◆ **What you will do**:
Return all of the data that follows precisely, leaving every image out.

◆ **Information supplied**:
------------------------

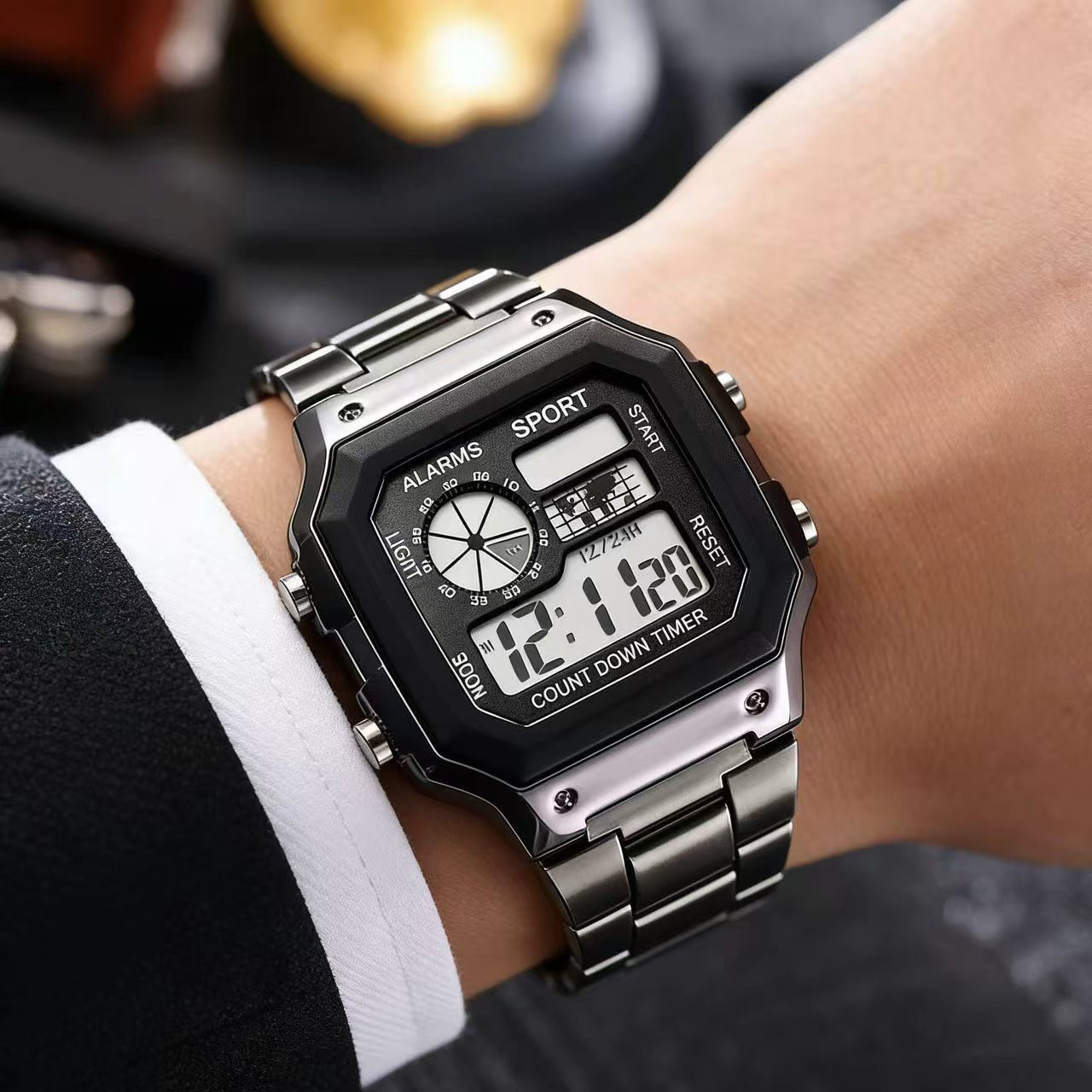Relógio militar masculino de l - Electronics Gadgets For Men avaliação e preço
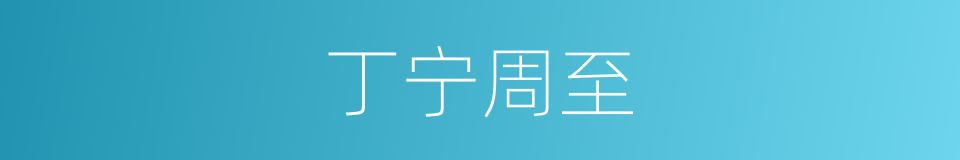 丁宁周至的同义词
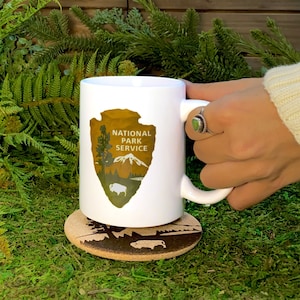 National Park Service Coffee Mug & Coaster Set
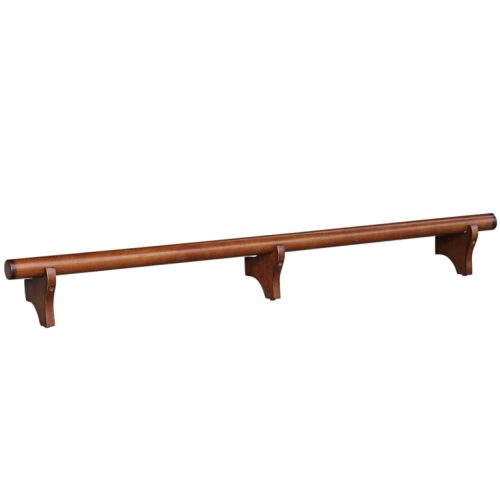 Solid Wood Dry Bar Foot Rail 72 Wide Chestnut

------------------------

◆ **Answer**:
Relógio militar masculino de l - Electronics Gadgets For Men avaliação e preço
 丁宁周至的同义词
 National Park Service Coffee Mug & Coaster Set
 Solid Wood Dry Bar Foot Rail 72 Wide Chestnut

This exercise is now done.